You are viewing a plain text version of this content. The canonical link for it is here.
Posted to common-user@hadoop.apache.org by praveenesh kumar <pr...@gmail.com> on 2012/01/30 13:50:36 UTC

Best practices for hadoop shuffling/tunning ?

Hey guys,

Just wanted to ask, are there any sort of best practices to be followed for
hadoop shuffling improvements ?

I am running Hadoop 0.20.205 on 8 nodes cluster.Each node is 24 cores/CPUs
with 48 GB RAM.

I have set the following parameters :

fs.inmemory.size.mb=2000
io.sort.mb=2000
io.sort.factor=200
io.file.buffer.size=262544

mapred.map.tasks=200
mapred.reduce.tasks=40
mapred.reduce.parallel.copies=80
mapred.map.child.java.opts = 1024 Mb
mapred.map.reduce.java.opts=1024 Mb

mapred.job.tracker.handler.count=60
tasktracker.http.threads=50
mapred.job.reuse.jvm.num.tasks = -1
mapred.compress.map.output = true
mapred.reduce.slowstart.completed.maps = 0.5

mapred.tasktracker.map.tasks.maximum=24
mapred.tasktracker.reduce.tasks.maximum=12


Can anyone please validate the above tuning parameters, and suggest any
further improvements ?
My mappers are running fine. Shuffling and reducing part is comparatively
slower, than expected for normal jobs. Wanted to know what I am doing
wrong/missing.

Thanks,
Praveenesh

Re: Best practices for hadoop shuffling/tunning ?

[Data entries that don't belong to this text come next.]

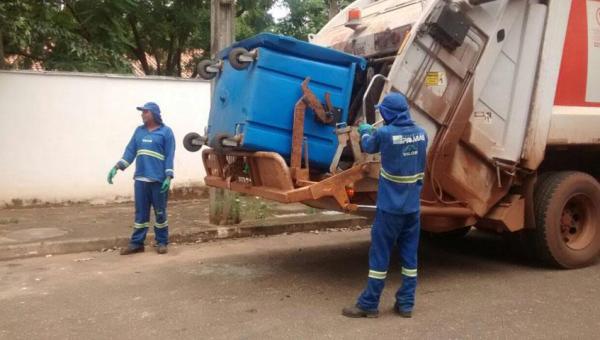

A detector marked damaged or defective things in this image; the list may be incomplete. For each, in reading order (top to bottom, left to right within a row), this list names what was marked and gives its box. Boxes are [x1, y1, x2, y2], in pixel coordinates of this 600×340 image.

rusty truck body [190, 0, 600, 268]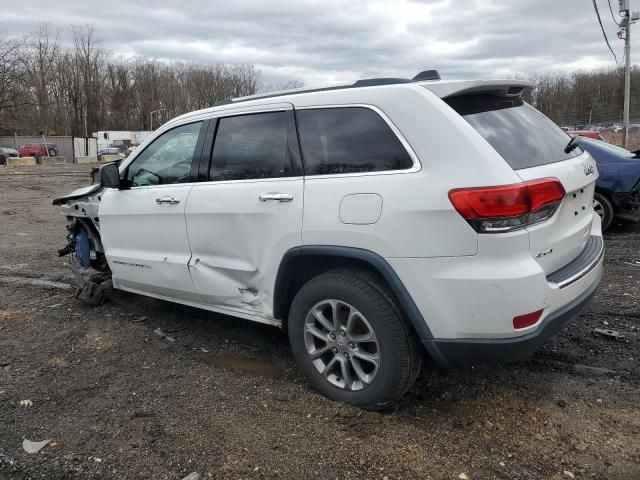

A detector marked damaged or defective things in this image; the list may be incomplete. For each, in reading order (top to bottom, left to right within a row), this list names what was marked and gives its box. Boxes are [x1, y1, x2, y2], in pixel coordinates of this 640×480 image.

detached bumper [424, 274, 600, 368]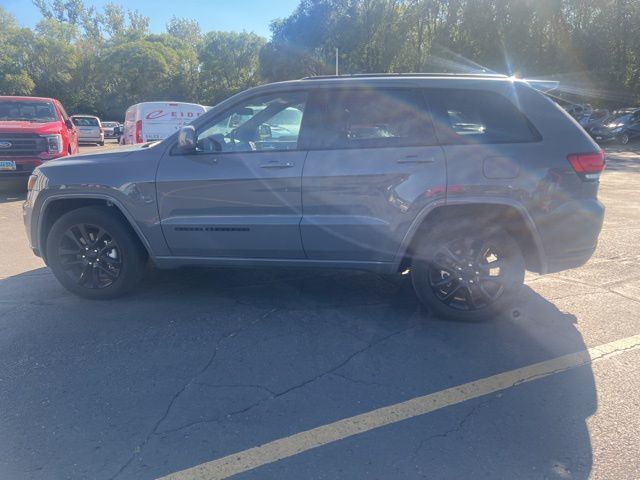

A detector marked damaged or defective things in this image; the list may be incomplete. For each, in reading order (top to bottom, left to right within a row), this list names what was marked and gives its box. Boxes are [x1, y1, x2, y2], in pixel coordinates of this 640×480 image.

crack in pavement [108, 308, 278, 480]
crack in pavement [153, 322, 418, 438]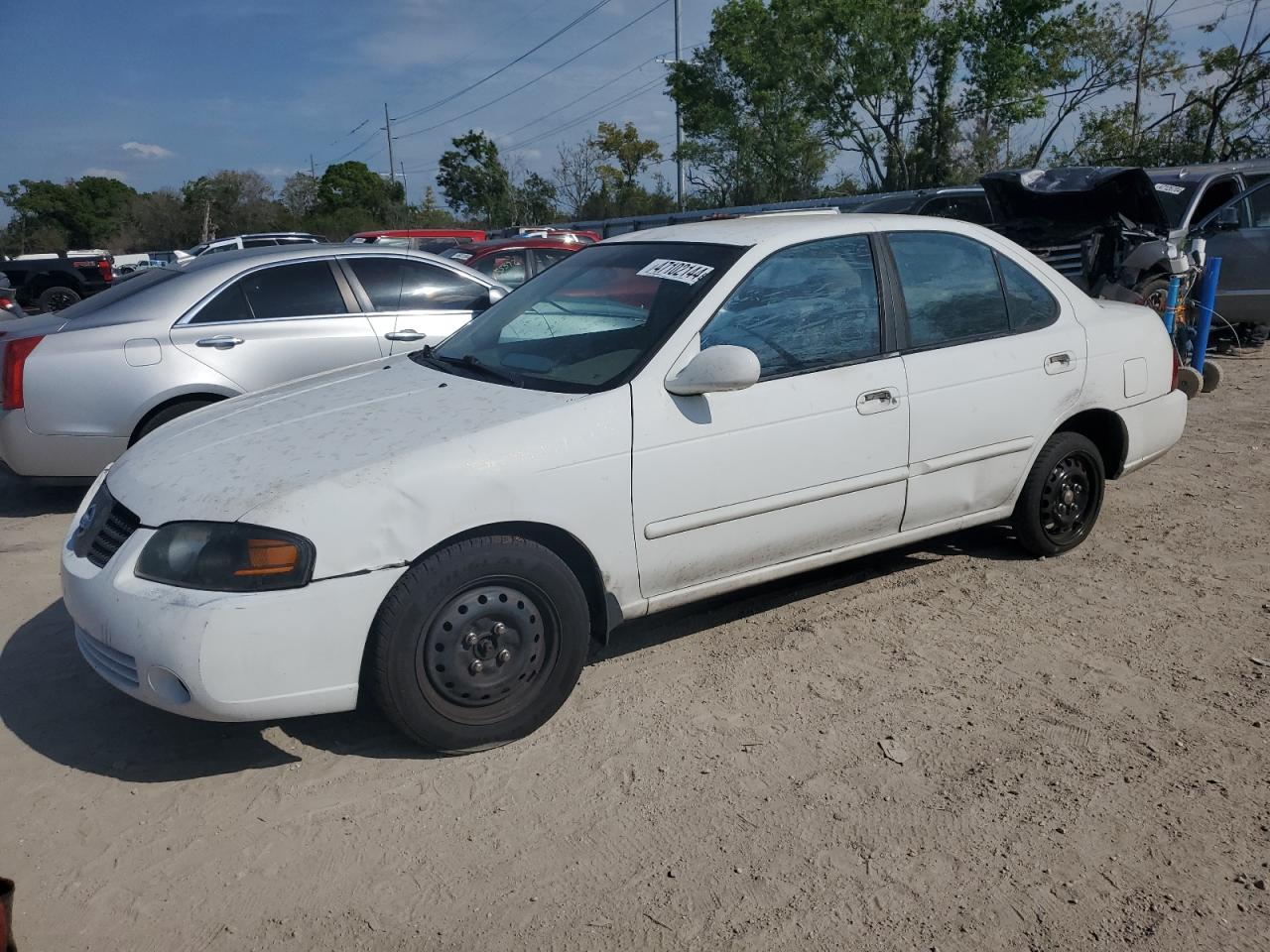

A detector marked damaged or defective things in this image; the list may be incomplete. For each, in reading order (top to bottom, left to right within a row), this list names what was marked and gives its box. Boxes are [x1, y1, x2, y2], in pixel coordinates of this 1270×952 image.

damaged vehicle [976, 165, 1199, 309]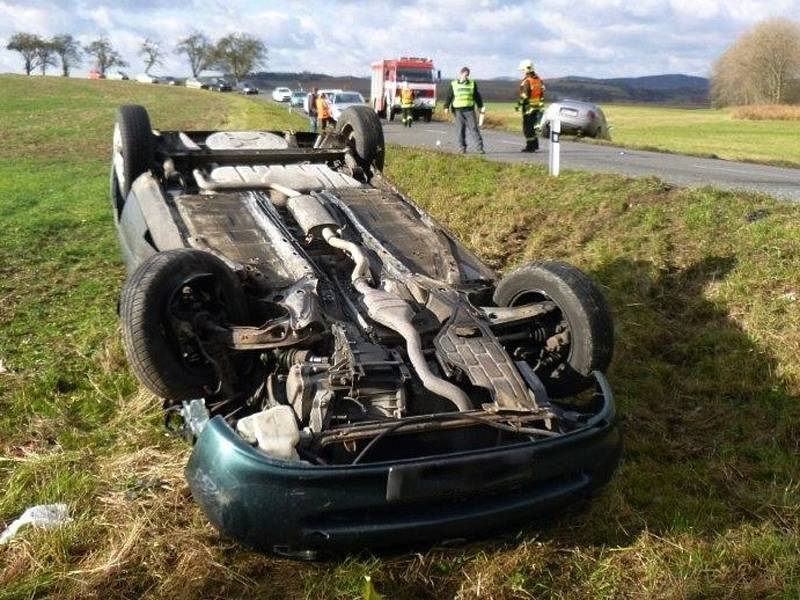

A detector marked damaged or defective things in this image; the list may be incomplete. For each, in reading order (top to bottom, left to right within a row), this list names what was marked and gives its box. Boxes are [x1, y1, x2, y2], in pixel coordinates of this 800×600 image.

overturned car [109, 103, 620, 556]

Posted by Arun C Murthy <ac...@hortonworks.com>.
Moving to mapreduce-user@, bcc common-user@. Please use project specific lists.

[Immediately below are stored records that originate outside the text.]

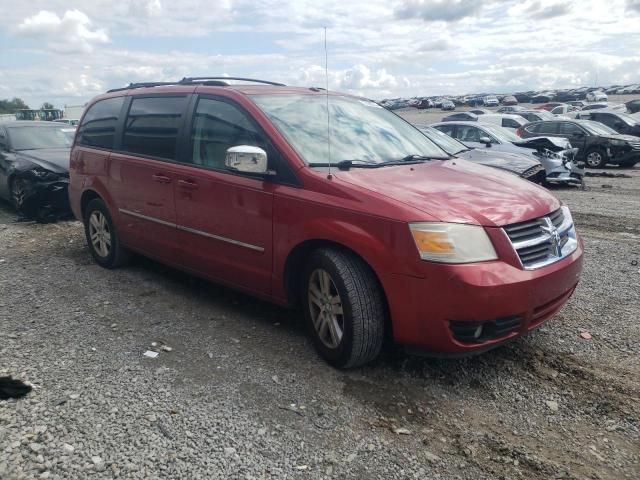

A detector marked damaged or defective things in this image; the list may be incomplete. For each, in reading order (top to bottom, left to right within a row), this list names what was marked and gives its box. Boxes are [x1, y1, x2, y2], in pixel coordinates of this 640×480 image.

damaged vehicle [0, 121, 72, 220]
damaged vehicle [418, 124, 548, 184]
damaged vehicle [432, 121, 584, 187]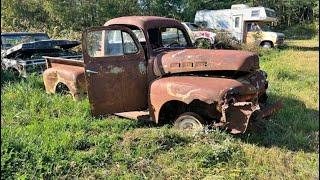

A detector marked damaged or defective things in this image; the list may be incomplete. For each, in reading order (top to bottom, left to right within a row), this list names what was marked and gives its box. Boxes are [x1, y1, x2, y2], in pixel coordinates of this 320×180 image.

abandoned car [1, 32, 81, 76]
rusted metal [43, 15, 282, 134]
rusty vintage truck [43, 16, 282, 134]
abandoned car [43, 16, 282, 134]
damaged front end [218, 71, 282, 134]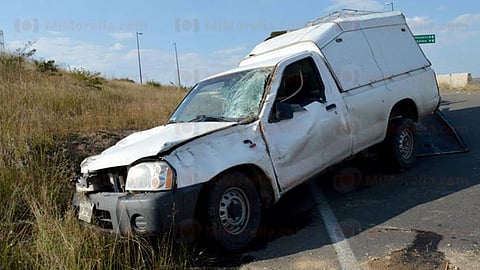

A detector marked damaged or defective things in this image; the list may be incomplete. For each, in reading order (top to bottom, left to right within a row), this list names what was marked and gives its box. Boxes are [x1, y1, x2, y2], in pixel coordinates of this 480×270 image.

broken windshield [169, 67, 274, 123]
shattered glass [169, 67, 274, 123]
crushed hood [81, 122, 235, 172]
broken headlight [125, 161, 174, 191]
damaged front bumper [72, 184, 203, 238]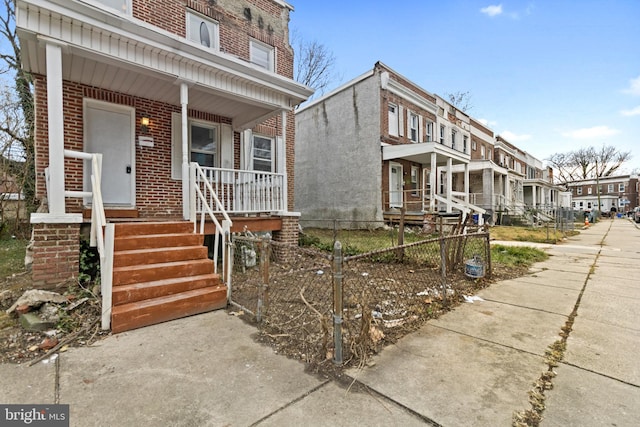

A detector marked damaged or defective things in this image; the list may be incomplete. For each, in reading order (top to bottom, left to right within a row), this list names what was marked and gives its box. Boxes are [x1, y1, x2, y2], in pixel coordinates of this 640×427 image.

rusty fence section [230, 232, 490, 370]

Your io.sort.mb is too high. You only have 1G of heap for the map. Reduce parallel copies is too high too.

On Jan 30, 2012, at 4:50 AM, praveenesh kumar wrote:

> Hey guys,
> 
> Just wanted to ask, are there any sort of best practices to be followed for
> hadoop shuffling improvements ?
> 
> I am running Hadoop 0.20.205 on 8 nodes cluster.Each node is 24 cores/CPUs
> with 48 GB RAM.
> 
> I have set the following parameters :
> 
> fs.inmemory.size.mb=2000
> io.sort.mb=2000
> io.sort.factor=200
> io.file.buffer.size=262544
> 
> mapred.map.tasks=200
> mapred.reduce.tasks=40
> mapred.reduce.parallel.copies=80
> mapred.map.child.java.opts = 1024 Mb
> mapred.map.reduce.java.opts=1024 Mb
> 
> mapred.job.tracker.handler.count=60
> tasktracker.http.threads=50
> mapred.job.reuse.jvm.num.tasks = -1
> mapred.compress.map.output = true
> mapred.reduce.slowstart.completed.maps = 0.5
> 
> mapred.tasktracker.map.tasks.maximum=24
> mapred.tasktracker.reduce.tasks.maximum=12
> 
> 
> Can anyone please validate the above tuning parameters, and suggest any
> further improvements ?
> My mappers are running fine. Shuffling and reducing part is comparatively
> slower, than expected for normal jobs. Wanted to know what I am doing
> wrong/missing.
> 
> Thanks,
> Praveenesh

--
Arun C. Murthy
Hortonworks Inc.
http://hortonworks.com/



Re: Best practices for hadoop shuffling/tunning ?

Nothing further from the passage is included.